**Work instructions:**
Please print the listing that follows word for word, but skip any pictures it holds.

[Opening Source records section]

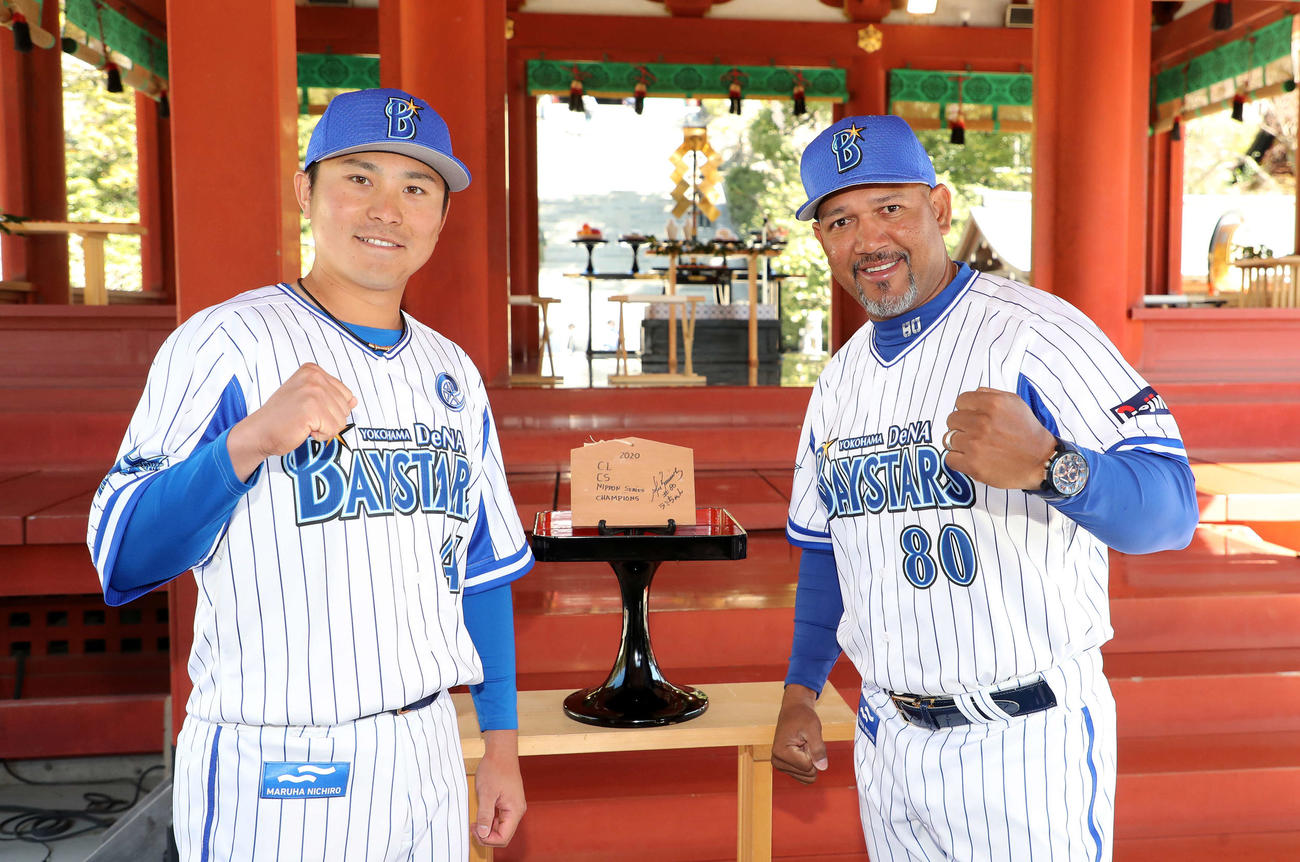 絵馬を横にガッツポーズするDeNA佐野（左）とラミレス監督（撮影・鈴木正人）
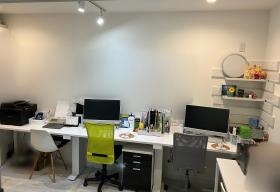 白を基調とした明るい雰囲気です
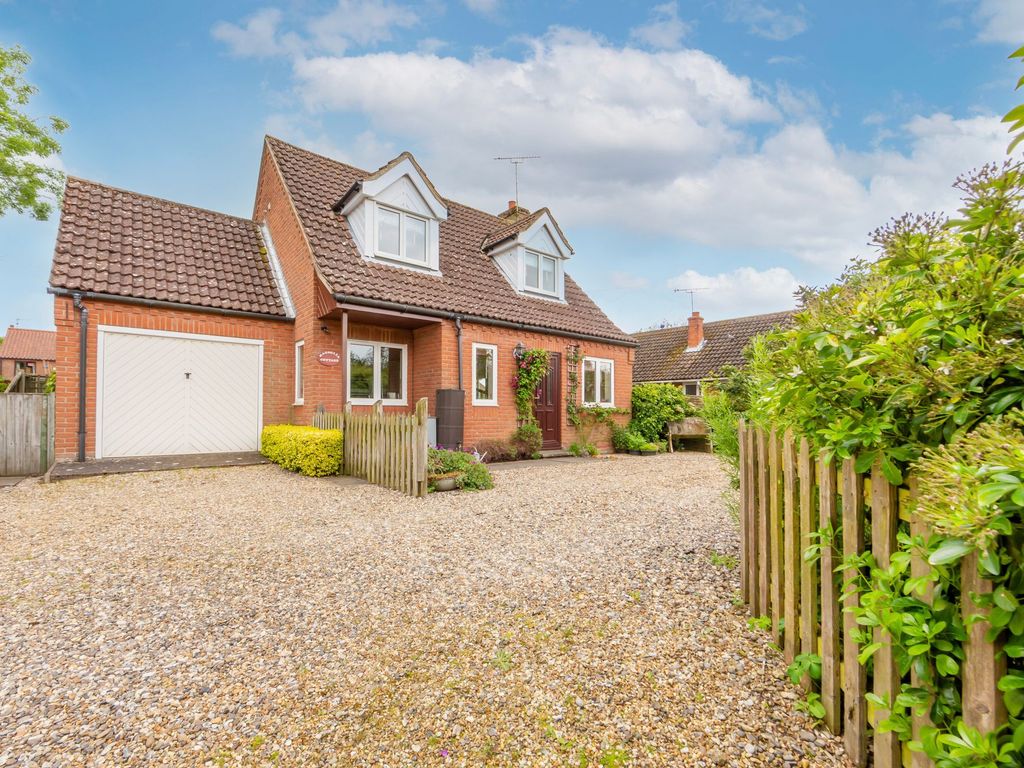 3 bed detached house for sale in The Green, Stalham, Norwich NR12, £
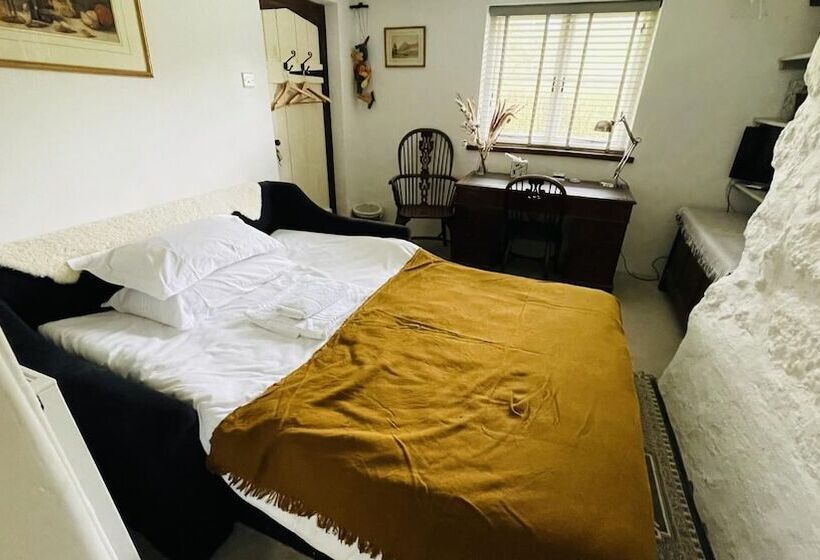 Weeke Brook Quintessential Thatched Luxury Devon Cottage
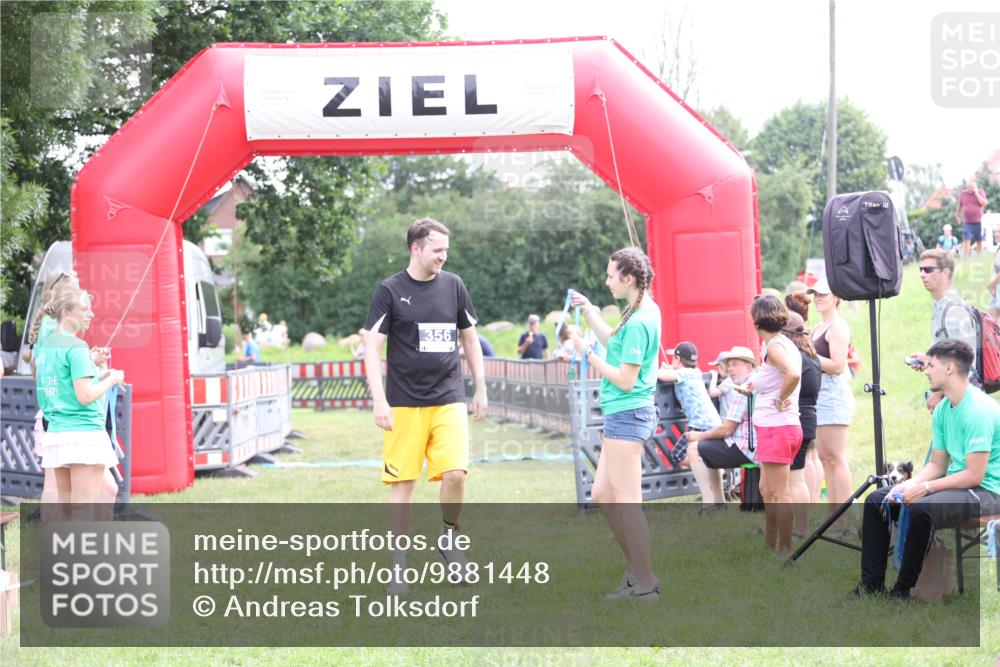 21.06.2026 - 29. Vierlanden-Triathlon Andreas Tolksdorf http://msf.ph/oto/9881448 21.06.2026 11:21:17 Ziel 439, 439 meine-sportfotos.de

[Closing Source records section]

**Task answer:**
 絵馬を横にガッツポーズするDeNA佐野（左）とラミレス監督（撮影・鈴木正人）
 白を基調とした明るい雰囲気です
 3 bed detached house for sale in The Green, Stalham, Norwich NR12, £
 Weeke Brook Quintessential Thatched Luxury Devon Cottage
 21.06.2026 - 29. Vierlanden-Triathlon Andreas Tolksdorf http://msf.ph/oto/9881448 21.06.2026 11:21:17 Ziel 439, 439 meine-sportfotos.de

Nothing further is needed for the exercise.